Accordingly, the dti announces that applications under the current programme will be accepted until 31 August 2009, after which these will be replaced with the new guidelines, to be published on the dti website, on 30 September 2009. The revised BBSDP will be effective as of 1 April 2010. 

From its inception in 2002, to date (end July 2009), the BBSDP has shown an approximate growth of 800%. A total of 6 409 enterprises have benefited from the Programme and an amount of R268 804 782 has since been disbursed. 

Amendments to the current BBSDP are primarily aimed at assisting black-owned SMEs to acquire productivity-enhancing technology. The revised guidelines further seek to enhance assistance to targeted enterprises, and in so doing, enable them to access opportunities created by the Broad-Based Black Economic Empowerment (B-BBEE) policies of government, and supply goods and services to the corporate sector, parastatals and government. 

In order to enable access to the revised Programme, the dti will also introduce a structured training programme for network facilitators, which will enable them to identify interventions that will contribute towards the competitiveness of local enterprises. 

Network facilitators will be eligible to apply for training and subsequently be accredited after successful completion of the training programme.
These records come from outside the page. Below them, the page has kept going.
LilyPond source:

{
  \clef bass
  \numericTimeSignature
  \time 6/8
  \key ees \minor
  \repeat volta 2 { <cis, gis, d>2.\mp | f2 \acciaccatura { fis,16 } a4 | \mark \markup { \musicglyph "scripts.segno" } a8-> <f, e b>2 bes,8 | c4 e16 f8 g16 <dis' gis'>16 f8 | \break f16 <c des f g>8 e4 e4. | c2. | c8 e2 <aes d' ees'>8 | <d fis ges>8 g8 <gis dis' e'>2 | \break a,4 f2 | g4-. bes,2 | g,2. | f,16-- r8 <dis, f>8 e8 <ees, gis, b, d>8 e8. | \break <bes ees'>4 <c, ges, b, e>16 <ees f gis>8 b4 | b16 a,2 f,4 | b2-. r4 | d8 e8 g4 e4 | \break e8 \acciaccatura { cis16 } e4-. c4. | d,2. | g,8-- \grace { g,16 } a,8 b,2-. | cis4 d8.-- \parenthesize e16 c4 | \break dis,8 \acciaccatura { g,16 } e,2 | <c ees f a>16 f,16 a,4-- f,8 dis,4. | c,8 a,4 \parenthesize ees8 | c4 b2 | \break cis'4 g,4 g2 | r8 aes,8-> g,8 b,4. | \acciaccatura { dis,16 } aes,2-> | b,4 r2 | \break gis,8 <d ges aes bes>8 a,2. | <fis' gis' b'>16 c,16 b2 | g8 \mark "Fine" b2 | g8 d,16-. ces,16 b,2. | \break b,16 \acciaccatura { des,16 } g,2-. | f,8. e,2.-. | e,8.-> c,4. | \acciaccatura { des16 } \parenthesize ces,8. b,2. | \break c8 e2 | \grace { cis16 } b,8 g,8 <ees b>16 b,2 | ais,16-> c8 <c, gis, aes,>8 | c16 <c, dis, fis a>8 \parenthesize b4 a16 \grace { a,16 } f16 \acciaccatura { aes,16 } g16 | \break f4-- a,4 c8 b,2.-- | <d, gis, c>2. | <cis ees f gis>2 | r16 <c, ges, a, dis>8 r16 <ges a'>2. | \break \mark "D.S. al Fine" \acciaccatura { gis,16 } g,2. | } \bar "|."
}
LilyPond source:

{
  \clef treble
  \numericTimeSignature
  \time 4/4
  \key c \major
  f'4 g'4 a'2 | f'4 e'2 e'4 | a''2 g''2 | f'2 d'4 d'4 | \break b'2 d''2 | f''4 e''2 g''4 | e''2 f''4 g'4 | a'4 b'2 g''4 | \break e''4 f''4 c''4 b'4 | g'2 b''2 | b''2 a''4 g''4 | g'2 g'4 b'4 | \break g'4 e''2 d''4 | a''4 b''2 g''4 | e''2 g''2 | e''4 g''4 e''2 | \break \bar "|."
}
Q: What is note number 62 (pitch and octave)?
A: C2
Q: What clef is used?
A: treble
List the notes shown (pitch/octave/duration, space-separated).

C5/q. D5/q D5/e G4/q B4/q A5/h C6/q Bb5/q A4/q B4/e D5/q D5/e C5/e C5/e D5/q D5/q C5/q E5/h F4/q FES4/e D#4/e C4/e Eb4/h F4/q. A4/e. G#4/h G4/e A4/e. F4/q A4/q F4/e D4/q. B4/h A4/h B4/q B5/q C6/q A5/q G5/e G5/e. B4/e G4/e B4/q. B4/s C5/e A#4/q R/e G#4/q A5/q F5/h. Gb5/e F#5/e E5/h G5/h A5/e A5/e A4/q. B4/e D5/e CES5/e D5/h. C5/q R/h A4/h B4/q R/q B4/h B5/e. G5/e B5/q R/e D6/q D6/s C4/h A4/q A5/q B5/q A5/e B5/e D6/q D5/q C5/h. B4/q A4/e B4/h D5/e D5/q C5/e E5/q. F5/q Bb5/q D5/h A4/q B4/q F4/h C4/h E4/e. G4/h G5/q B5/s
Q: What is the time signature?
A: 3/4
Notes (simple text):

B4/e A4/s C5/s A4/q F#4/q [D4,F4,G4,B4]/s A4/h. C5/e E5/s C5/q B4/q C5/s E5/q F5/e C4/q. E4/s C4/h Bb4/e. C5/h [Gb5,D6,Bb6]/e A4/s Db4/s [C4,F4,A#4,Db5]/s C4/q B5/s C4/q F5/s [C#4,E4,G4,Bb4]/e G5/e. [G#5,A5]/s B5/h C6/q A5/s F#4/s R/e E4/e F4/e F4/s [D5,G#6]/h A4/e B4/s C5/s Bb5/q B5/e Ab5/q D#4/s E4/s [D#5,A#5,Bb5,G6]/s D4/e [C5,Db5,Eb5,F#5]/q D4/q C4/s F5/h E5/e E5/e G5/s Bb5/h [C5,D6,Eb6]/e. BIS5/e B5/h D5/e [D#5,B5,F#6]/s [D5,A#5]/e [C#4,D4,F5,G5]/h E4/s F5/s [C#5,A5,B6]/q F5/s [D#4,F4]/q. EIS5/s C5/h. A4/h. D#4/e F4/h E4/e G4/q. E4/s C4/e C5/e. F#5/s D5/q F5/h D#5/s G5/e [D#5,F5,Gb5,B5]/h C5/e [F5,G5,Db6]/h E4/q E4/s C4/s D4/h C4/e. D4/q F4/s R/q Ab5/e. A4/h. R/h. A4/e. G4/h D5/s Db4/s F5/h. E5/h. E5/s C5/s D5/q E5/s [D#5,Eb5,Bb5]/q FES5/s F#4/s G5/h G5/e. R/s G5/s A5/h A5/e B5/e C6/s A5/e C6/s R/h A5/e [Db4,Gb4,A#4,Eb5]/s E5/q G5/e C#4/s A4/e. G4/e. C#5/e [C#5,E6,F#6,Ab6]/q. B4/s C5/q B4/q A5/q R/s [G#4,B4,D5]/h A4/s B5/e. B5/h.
The selection criteria of applicants will take into account, among other factors, experience in the BBSDP. The training for network facilitators will cover the following modules: 

* use of company assessment tools
* business writing skills
* ethics in consulting
* basic understanding of company accounts
* client and assignment management
* training on the revised BBSDP guidelines. 

For more information, contact:
Mamosa Dikeledi
Tel: 012 394 1680
Cell: 083 584 6856
E-mail: MDikeledi@thedti.gov.za 

Lillian Mofokeng
Cell: 082 888 8362
E-mail: LMofokeng@thedti.gov.za 

Issued by: Department of Trade and Industry
3 August 2009

More...

----------


## Marq

Just for further info - a summary of the existing scheme....



> The BBSDP is a 90:10 cost-sharing grant, which offers support to black-owned enterprises in South Africa, whereby the dti contributes 90% of the cost of a project and the approved applicant 10%. The scheme provides such companies with access to business development services that assist them to improve their core competencies upgrade managerial capabilities and restructure their processes to become more competitive.


So the anc now feels the need to pump more into the scheme say for example in the IT area so that a recipient company can obtain government related work.

Maybe not a bad thing..but given the cipro it tender questions, the ethewini 2010 website debacle, the saps systems that seems to come and go, the education departments computer systems for pupils that has many questions and relate this to this story  


> Hundreds of senior managers in the public service are involved in insider trading and may have huge potential conflicts of interest, which they won't disclose.
> 
> These senior civil servants have private businesses linked to their departments in government, enabling them to feed off millions of taxpayers' funds.


It seems that this government should rather clean house before feeding these con artists some more with a scheme that can so easily be used. 

Is this just a scheme to make fat cats fatter? Why the need to enhance it? Is it not working in the real world? A growth of 800% seems reasonable doesn't it? Is BEE not enough to get the tenders out to intended parties?

We have AA - job reservation
BEE - Business/profit reservation
Graft and corruption - Political reservation
Grants of all kinds - Financial reservation
Selective property tax rates - extraction socialism scheme

And apparently apartheid is something that was stopped 15 odd years ago and there are no revenge tactics and the only disadvantaged people are those that were previous.

----------